AIM OF THE TASK: Extract from the entries below, exactly as given, only the lines from the line containing "EU proposes law" to the line containing "Additional image 22 of Scarness QLD 4655", both lines included.
....
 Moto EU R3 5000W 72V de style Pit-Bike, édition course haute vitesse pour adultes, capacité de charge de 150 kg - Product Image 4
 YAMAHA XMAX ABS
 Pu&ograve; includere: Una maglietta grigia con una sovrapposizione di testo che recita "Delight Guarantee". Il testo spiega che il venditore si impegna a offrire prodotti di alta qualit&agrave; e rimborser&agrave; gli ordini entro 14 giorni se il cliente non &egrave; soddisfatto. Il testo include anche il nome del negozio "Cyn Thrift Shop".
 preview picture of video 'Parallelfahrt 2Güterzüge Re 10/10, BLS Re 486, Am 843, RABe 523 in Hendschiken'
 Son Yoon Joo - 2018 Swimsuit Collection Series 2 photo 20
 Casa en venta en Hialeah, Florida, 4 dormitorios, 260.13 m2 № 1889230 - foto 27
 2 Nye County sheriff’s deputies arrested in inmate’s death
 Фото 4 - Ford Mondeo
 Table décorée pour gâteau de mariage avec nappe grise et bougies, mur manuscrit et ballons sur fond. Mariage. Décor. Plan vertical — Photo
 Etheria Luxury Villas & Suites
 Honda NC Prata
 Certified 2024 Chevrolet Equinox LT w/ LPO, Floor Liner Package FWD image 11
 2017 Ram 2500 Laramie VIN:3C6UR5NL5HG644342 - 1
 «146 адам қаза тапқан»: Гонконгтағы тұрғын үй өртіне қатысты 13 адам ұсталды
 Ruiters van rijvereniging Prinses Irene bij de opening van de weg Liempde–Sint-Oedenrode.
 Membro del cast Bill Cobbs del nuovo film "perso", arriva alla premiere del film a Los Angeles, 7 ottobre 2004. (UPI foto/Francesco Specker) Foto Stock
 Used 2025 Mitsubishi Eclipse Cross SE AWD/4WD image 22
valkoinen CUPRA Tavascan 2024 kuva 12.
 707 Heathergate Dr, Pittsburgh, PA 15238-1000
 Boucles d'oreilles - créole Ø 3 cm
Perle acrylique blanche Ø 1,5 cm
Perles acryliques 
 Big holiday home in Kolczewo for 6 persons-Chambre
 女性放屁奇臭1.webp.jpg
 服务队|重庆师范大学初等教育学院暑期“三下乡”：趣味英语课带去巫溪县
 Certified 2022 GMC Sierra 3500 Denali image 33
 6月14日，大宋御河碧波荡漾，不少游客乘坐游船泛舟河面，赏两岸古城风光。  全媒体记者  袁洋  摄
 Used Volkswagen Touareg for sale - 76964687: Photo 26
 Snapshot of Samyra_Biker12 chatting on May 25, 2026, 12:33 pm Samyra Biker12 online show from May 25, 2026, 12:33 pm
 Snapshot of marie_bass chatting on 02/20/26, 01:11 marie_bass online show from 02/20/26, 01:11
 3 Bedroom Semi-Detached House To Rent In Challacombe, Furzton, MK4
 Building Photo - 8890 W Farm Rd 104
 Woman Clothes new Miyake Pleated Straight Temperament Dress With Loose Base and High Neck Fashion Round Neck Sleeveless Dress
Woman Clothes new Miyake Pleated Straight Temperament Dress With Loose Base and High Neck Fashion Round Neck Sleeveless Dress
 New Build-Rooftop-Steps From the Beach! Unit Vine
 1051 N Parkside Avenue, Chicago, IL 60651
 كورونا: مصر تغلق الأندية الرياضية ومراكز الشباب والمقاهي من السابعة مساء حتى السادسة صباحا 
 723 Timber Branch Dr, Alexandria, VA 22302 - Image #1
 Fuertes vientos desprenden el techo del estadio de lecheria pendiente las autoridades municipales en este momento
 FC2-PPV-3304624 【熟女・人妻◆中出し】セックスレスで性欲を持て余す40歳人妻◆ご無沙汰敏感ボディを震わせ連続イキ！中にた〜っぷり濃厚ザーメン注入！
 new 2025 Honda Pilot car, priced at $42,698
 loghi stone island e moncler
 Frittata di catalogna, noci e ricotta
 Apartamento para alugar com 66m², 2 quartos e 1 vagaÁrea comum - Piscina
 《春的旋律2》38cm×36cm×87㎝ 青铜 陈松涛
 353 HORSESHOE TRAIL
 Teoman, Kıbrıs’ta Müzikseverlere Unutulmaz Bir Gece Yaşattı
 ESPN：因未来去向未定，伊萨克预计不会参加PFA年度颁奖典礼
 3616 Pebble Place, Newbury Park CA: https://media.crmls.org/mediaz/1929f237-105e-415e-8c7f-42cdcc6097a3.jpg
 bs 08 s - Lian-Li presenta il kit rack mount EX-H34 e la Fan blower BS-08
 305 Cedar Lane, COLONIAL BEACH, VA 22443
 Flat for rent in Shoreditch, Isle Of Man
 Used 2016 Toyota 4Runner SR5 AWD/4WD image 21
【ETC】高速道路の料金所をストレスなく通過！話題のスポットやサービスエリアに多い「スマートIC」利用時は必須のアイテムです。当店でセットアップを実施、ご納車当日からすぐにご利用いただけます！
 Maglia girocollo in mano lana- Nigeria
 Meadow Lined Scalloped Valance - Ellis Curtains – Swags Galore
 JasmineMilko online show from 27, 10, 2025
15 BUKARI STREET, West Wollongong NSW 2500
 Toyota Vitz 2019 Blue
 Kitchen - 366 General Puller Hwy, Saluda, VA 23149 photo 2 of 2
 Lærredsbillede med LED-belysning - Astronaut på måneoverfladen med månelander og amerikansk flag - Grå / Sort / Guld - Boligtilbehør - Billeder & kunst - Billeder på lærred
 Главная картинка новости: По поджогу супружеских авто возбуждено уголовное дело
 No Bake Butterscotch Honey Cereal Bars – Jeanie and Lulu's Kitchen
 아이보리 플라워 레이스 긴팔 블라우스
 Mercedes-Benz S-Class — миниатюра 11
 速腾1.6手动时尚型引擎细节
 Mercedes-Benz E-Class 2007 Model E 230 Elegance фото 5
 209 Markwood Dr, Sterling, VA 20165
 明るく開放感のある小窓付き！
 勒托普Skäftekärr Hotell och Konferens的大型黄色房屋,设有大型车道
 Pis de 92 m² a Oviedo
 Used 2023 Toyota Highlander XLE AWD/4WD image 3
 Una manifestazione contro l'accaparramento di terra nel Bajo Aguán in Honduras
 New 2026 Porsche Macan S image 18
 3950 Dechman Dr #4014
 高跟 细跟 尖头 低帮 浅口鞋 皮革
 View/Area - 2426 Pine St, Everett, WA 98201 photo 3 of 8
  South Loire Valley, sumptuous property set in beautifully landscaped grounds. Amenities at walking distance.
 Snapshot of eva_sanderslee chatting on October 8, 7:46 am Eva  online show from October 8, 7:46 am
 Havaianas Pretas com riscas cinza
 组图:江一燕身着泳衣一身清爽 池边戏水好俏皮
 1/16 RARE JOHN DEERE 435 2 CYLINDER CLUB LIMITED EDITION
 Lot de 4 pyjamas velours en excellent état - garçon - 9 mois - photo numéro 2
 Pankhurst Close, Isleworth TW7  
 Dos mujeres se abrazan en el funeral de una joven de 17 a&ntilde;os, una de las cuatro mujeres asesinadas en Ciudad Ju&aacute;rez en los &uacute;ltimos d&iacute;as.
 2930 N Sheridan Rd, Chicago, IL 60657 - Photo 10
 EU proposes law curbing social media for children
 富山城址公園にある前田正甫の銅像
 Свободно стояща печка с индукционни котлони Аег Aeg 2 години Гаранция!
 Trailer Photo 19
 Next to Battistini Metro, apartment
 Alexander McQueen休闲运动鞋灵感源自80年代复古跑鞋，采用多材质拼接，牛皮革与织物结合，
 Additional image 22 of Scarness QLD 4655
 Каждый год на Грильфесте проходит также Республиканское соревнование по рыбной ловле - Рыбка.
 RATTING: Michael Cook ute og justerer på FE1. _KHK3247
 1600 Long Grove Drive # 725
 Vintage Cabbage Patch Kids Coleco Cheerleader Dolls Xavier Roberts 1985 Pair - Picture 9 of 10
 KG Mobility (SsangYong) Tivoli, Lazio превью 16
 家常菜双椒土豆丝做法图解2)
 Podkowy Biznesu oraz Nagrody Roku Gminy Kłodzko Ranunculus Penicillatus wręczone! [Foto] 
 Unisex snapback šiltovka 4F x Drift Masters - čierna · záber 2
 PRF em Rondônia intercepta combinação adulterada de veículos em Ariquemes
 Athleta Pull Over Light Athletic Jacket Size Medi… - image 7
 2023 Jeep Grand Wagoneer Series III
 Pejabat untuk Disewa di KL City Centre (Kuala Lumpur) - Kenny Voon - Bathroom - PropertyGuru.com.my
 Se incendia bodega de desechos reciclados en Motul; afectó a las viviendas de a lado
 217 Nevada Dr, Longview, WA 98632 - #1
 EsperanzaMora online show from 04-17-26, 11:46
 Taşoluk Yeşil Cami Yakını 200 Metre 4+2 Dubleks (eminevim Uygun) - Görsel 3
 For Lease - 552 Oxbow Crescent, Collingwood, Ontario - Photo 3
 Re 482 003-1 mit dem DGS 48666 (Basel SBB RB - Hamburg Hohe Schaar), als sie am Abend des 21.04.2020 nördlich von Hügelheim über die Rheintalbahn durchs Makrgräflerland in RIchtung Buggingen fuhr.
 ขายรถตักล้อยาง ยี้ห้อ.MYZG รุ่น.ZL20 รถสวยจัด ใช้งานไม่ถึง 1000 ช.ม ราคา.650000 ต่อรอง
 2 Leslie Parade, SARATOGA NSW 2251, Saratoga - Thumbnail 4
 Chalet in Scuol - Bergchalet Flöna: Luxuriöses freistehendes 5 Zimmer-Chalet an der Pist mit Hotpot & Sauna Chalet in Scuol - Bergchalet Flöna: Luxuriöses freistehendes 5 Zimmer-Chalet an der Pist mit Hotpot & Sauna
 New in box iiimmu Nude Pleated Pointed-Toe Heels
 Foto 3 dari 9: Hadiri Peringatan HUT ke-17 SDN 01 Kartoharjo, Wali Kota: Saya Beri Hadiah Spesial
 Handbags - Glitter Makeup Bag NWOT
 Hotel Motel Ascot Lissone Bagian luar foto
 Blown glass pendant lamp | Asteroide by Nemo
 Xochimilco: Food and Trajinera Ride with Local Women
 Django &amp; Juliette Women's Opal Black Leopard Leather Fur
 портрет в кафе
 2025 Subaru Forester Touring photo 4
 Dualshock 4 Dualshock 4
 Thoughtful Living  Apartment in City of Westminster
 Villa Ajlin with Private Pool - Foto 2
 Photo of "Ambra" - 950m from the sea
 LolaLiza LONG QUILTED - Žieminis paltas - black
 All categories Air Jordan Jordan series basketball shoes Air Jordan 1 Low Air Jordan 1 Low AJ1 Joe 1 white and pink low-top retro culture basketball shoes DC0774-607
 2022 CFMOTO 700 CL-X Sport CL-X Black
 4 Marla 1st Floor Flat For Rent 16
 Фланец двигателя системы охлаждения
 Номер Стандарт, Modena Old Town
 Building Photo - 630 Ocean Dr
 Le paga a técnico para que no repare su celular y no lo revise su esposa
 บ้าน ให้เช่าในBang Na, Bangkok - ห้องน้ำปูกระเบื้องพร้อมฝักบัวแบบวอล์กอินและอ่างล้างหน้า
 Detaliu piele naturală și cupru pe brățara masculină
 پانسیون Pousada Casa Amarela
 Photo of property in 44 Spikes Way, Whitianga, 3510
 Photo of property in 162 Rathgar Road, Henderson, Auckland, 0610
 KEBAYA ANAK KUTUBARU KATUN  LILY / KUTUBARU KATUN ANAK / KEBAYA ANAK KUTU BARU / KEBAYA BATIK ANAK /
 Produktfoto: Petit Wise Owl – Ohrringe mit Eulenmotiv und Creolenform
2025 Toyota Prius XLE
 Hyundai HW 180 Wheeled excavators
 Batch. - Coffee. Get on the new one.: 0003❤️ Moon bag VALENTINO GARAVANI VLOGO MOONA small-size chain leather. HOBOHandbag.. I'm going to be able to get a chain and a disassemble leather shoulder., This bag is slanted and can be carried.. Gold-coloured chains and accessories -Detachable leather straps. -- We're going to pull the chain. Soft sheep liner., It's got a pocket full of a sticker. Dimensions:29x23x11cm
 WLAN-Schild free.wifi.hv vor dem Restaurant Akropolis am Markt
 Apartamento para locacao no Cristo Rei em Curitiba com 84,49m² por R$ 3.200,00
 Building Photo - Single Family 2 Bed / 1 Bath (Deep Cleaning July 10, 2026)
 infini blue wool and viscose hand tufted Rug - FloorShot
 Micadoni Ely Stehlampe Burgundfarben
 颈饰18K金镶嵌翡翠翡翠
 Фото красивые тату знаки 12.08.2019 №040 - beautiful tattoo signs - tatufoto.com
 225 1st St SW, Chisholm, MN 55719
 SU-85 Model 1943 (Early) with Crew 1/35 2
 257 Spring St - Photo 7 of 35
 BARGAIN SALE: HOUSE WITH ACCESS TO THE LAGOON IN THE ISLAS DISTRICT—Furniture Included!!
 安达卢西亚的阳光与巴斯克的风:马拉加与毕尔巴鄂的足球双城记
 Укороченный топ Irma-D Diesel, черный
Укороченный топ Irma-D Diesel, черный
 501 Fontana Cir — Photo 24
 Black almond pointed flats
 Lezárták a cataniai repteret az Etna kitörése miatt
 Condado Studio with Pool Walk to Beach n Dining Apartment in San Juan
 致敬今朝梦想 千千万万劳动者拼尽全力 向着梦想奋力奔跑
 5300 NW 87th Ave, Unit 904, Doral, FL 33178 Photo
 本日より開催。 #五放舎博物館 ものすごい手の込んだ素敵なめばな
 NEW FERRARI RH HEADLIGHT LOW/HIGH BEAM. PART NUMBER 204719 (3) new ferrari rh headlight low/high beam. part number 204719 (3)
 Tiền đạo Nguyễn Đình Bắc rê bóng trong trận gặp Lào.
....
WRITTEN SOLUTION:
 EU proposes law curbing social media for children
 富山城址公園にある前田正甫の銅像
 Свободно стояща печка с индукционни котлони Аег Aeg 2 години Гаранция!
 Trailer Photo 19
 Next to Battistini Metro, apartment
 Alexander McQueen休闲运动鞋灵感源自80年代复古跑鞋，采用多材质拼接，牛皮革与织物结合，
 Additional image 22 of Scarness QLD 4655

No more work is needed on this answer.